30 Day Letter Challenge
Day 27 — The friendliest person you knew for only one day
These are getting so hard! Maybe it's because I slammed my head into a slab of concrete when I was a teenager, or maybe I've always been this way, but I don't have the best memory. I can remember every dream I've had since I was 8 with one trigger word, but people, places, events? Holy mother of Cheezits, how am I supposed to remember everybody I've met for one day?
I did go to see a Tegan and Sara concert a few years ago, and a friend let me stay with him and his grandmother. Her name was Hannah, she had been born in Scotland and was in her 80s. I brought her a pot of tulips as a hostess gift, pretty, yellow and capable of being planted outside just as easily as thrown out - rather than cut flowers, which die and have to be thrown away in a few days time.
She loved me. I barely saw her that night before the concert, but was up early the next morning and we talked for hours. She talked about what it was like to live in Scotland before they grew wheat, so she was forced to eat porridge as a girl and abhorred the stuff now.

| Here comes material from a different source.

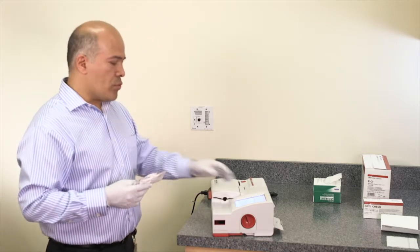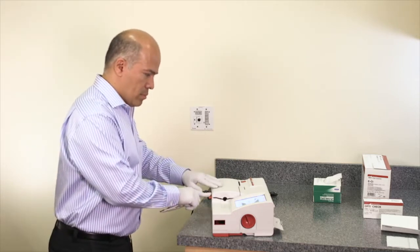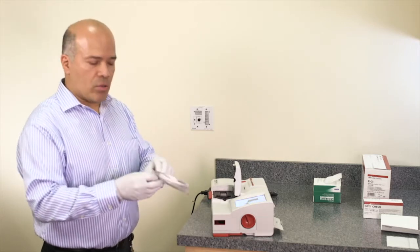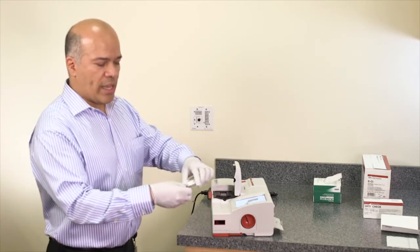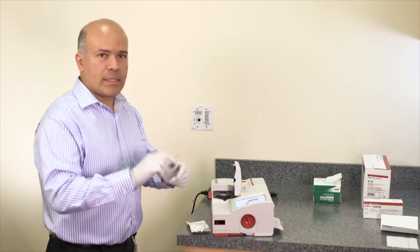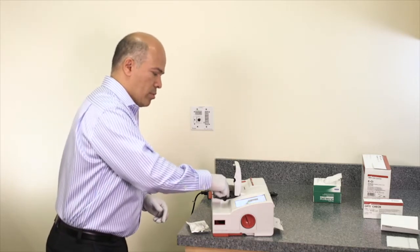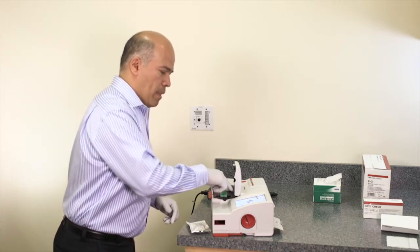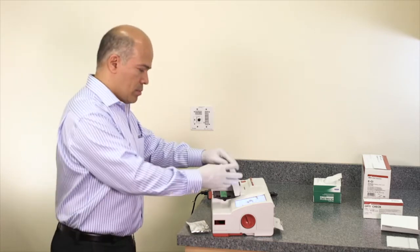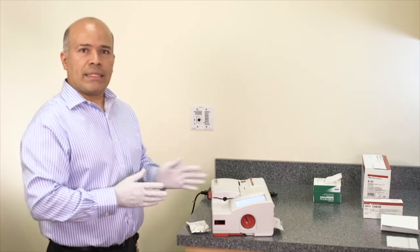The analyzer gives a warning to open the cover and insert the cassettes. Open the end of the pouch, remove the cassette, hold the cassette on the finger grips, and insert the cassette on the chamber. Once the cassette is inserted, the analyzer prompts to close the cover. Close the cover and the tests begin.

She cherished soft bread and refined flour.
She talked about what it was like to move with her husband to San Francisco in the 60s, watching the city bloom as her husband checked phone lines and she raised the children and learned to paint. She slipped in and out of time, weaving her tale with her Scottish brogue never diminished. She talked about how she'd love to paint the tulips, regal and strong and unbending, and how I seemed to understand her more than her own daughter, who brought flower arrangements spilling over with bushy leaves and baby's breath. She connected with me. And even if I never see her again, it was a few hours where she felt like she could tell her story to someone who cared, who would understand, and I loved being a part of that.